Friday, July 15, 2011

Luck

Luck is what you call it when your ideological blinders won't let you see the obvious, because to do so would be too damaging for your ego:

"[Here is a] living example of Heinlein in the WAPO story about the economy and Obama you linked to. The Post admits the economy is terrible and that is bad for Obama. But says that it is just bad luck.

“Behind the economic distress is a series of unexpected events, including the earthquake and tsunami in Japan, the European debt crisis and rising gasoline prices. As a result of the unemployment rate turning back up and the housing market reaching new lows since the slump began in 2006, numerous economists have reduced their expectations for economic growth this year.”

I can’t help but think of the famous Heinlein quote.

“Throughout history, poverty is the normal condition of man. Advances which permit this norm to be exceeded- here and there, now and then- are the work of an extremely small minority, frequently despised, often condemned, and almost always opposed by all right-thinking people. Whenever this tiny minority is kept from creating, or (as sometimes happens) is driven out of a society, the people then slip back into abject poverty.This is known as ‘bad luck.’.”

This entire economic mess was precipitated by having the government "exempt" itself from the inalterable rules of the market. America's success in the world - relative to other nations - is that we've lived our lives and conducted our affairs in closer concert with market realities than other nations.

It didn't take "luck" to predict the housing crash. It was the inevitable result of our arrogant belief that we could purposely disobey the market and get away with it.
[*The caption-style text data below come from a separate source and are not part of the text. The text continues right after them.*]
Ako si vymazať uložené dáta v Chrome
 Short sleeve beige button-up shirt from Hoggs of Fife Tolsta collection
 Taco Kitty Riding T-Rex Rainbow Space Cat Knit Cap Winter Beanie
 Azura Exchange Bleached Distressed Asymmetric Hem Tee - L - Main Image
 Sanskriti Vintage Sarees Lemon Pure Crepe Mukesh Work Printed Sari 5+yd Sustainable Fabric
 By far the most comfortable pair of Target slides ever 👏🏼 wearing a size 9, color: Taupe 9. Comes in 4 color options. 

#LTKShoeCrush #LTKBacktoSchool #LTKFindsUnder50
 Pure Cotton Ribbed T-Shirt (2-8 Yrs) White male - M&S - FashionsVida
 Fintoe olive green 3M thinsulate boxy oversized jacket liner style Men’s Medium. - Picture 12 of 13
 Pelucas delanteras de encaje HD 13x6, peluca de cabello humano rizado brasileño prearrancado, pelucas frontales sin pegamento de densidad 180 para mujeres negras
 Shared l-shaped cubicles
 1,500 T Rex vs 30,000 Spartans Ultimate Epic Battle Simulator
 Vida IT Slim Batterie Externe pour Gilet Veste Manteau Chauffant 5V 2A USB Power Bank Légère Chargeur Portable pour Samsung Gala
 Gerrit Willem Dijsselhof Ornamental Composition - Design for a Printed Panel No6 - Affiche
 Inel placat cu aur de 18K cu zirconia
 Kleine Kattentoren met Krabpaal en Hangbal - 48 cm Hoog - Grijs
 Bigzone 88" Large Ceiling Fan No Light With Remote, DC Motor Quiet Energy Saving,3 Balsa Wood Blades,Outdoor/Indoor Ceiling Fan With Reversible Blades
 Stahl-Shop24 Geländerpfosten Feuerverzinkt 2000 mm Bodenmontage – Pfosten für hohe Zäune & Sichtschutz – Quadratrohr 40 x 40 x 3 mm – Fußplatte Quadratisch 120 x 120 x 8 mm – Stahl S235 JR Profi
In this case, we allowed the government to force banks to loan money to people whom the market said were not good risks. And when that didn't work initially, we used the monopoly power of the government (through Fannie and Freddie) to inject trillions of dollars to float a market that was telling us it didn't want to exist in the first place. And that worked for a while to fuel the economy from 1996 to 2007-8, when the market corrected itself. Put it this way: If something is too good to be true, it isn't.

You simply cannot give untold trillions of dollars to people who can't repay it and expect to avoid disastrous consequences. You will eventually run out of other people's money. Either that, or responsible people will start to figure out there's something very wrong with paying $500K for a house that only 2 years ago was $200k, and they will pull back from that risk. LIkewise, you simply cannot print trillions of dollars out of thin air and expect that no one will notice your dollars are worth less today than they were before you printed trillions of new ones.

And avoiding the pain of the market correction with "stimulus" or "QE2" or "QE3" or whatever it's called this month is just more arrogance that we are (or can make ourselves) exempt from the market. We're not. The market is like gravity. You can avoid it for a while, you can even build tall buildings. But gravity, like the market, always wins.